### SOURCE MATERIAL
###

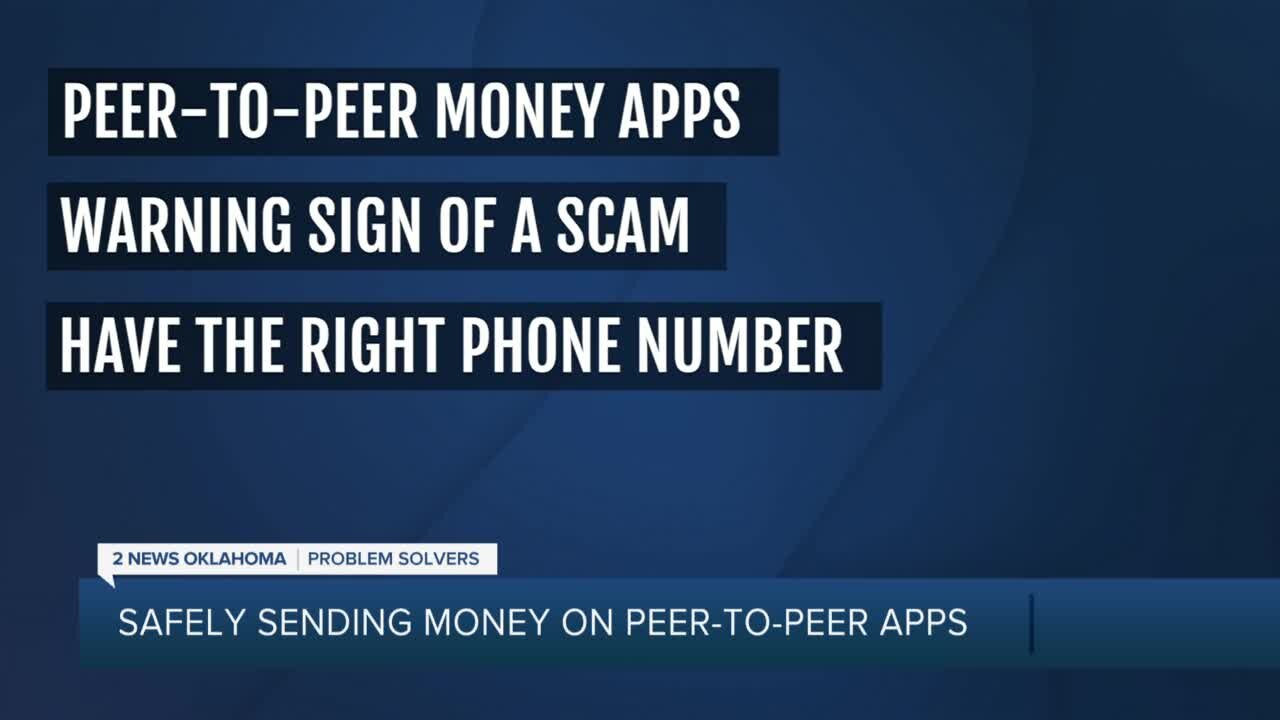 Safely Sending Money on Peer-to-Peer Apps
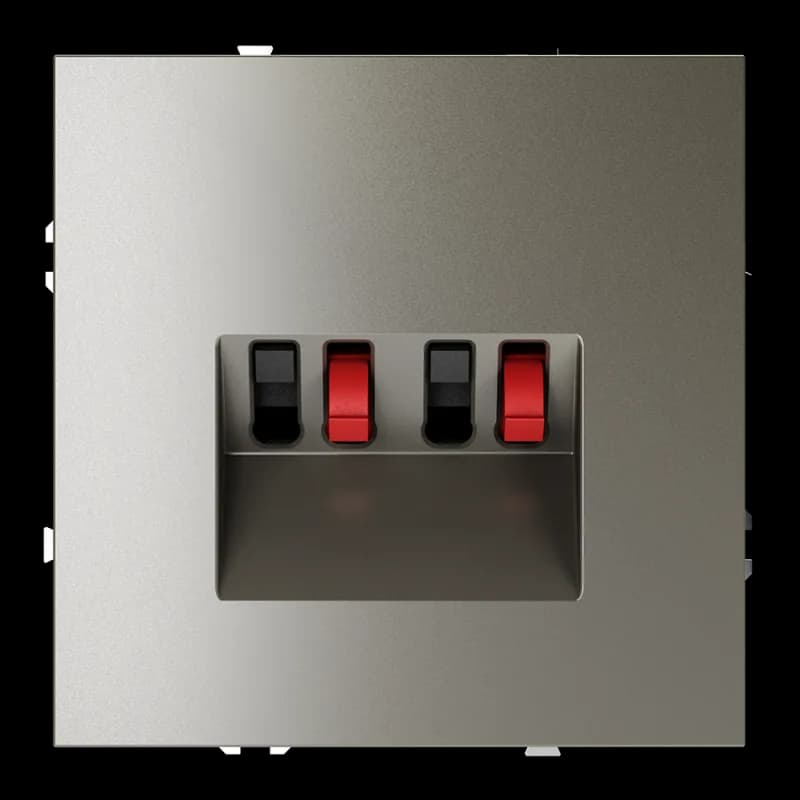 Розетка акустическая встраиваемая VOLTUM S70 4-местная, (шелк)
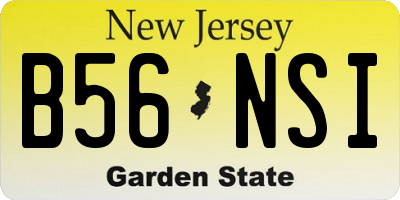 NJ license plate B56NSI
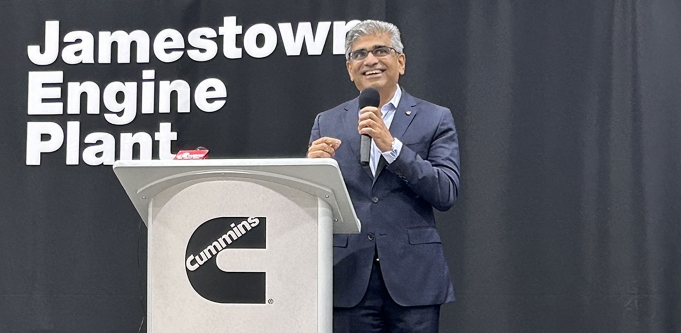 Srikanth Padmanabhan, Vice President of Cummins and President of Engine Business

###

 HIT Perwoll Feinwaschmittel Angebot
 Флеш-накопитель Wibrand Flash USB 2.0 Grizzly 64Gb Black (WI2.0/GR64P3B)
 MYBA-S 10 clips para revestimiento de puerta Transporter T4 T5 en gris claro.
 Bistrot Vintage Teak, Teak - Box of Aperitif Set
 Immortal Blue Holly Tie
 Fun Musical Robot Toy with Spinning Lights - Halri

###

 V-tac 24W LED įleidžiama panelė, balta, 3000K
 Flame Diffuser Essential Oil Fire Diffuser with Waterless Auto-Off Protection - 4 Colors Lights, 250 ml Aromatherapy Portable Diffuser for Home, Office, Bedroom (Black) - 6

###

### WHAT YOU ARE ASKED TO DO
Which lines of the records contain the word "Lights"? Copy each of them.

### RESPONSE
 Fun Musical Robot Toy with Spinning Lights - Halri
 Flame Diffuser Essential Oil Fire Diffuser with Waterless Auto-Off Protection - 4 Colors Lights, 250 ml Aromatherapy Portable Diffuser for Home, Office, Bedroom (Black) - 6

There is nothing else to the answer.